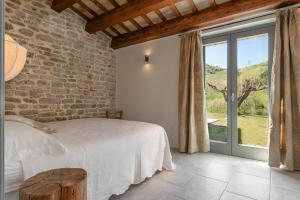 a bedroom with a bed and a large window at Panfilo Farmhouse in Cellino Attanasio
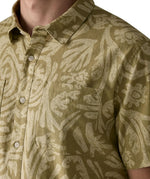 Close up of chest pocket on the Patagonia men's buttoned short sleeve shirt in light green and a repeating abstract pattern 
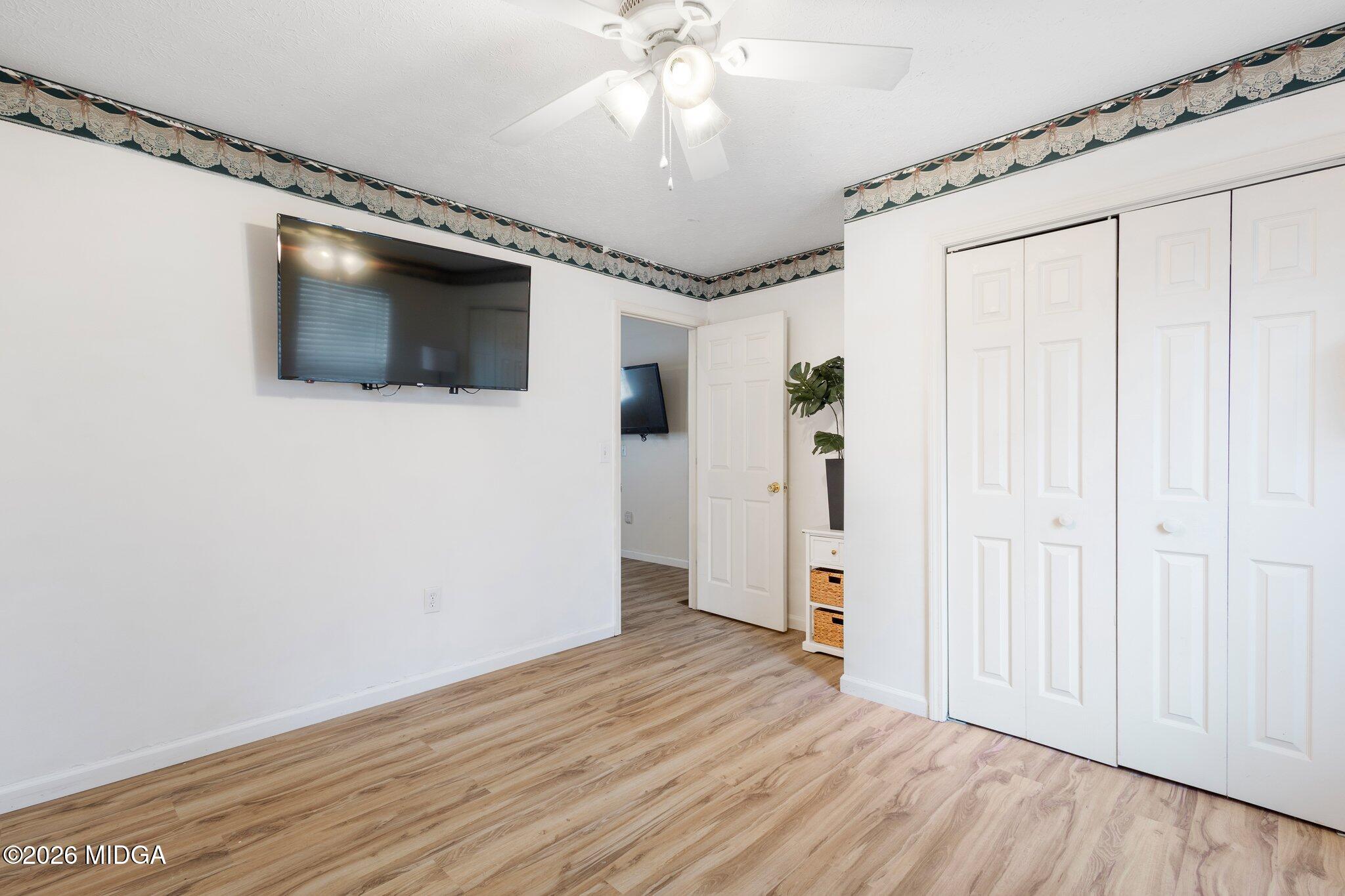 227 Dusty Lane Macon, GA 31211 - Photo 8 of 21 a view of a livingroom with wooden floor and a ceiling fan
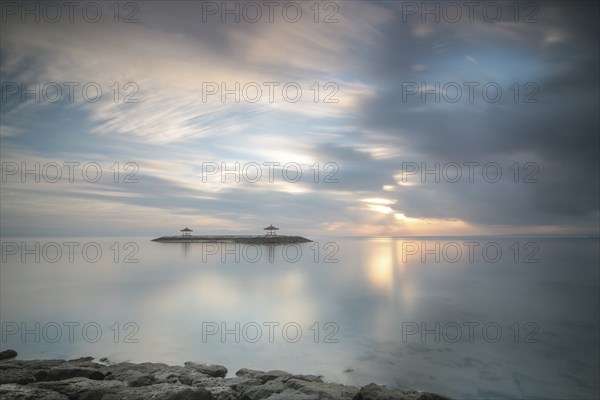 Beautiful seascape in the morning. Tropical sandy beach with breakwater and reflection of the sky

= = =

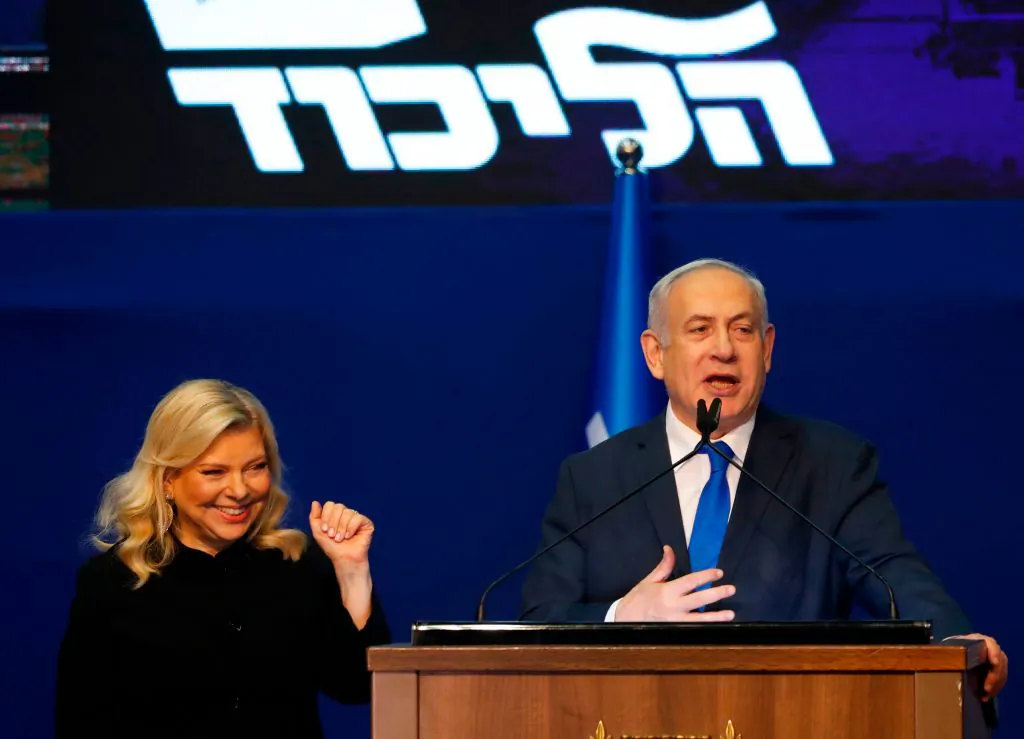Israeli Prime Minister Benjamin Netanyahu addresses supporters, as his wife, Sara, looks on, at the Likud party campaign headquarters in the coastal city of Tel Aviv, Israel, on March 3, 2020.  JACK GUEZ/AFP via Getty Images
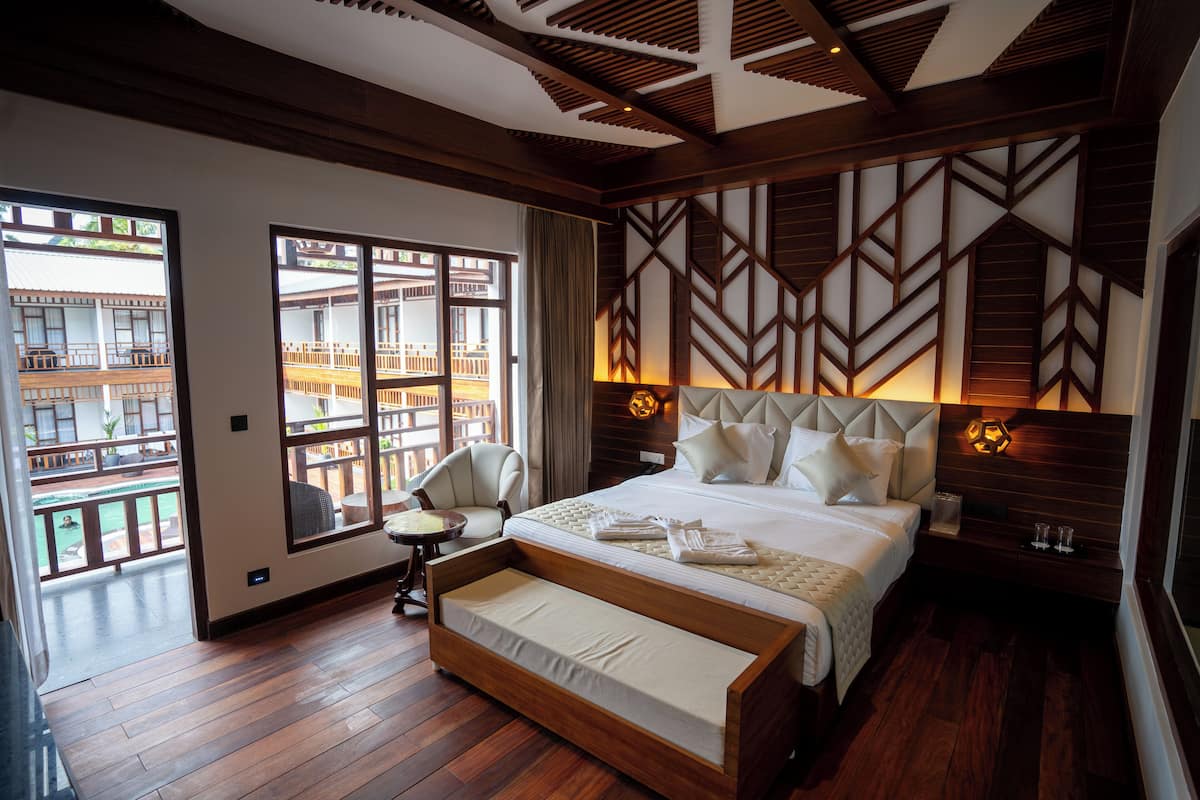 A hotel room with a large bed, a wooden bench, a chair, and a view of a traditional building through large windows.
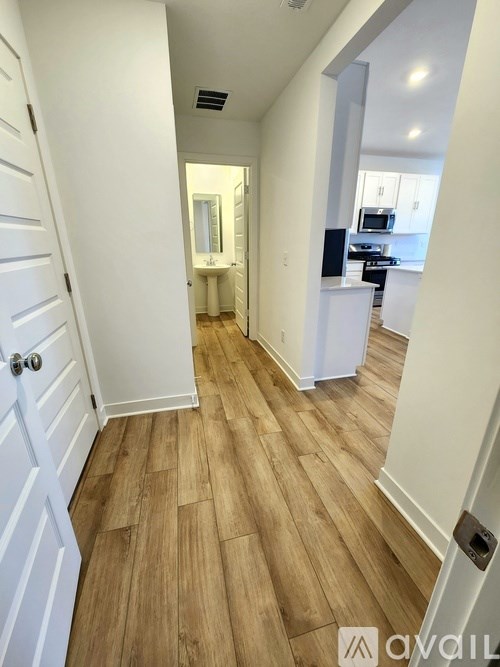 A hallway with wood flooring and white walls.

= = =

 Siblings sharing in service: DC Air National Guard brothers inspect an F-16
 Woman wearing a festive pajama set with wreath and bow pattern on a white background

= = =

What do the entries above read from the line containing "A hotel room" through the line containing "A hallway with"? Output those lines exactly, both ends included, with the pictures left out.

 A hotel room with a large bed, a wooden bench, a chair, and a view of a traditional building through large windows.
 A hallway with wood flooring and white walls.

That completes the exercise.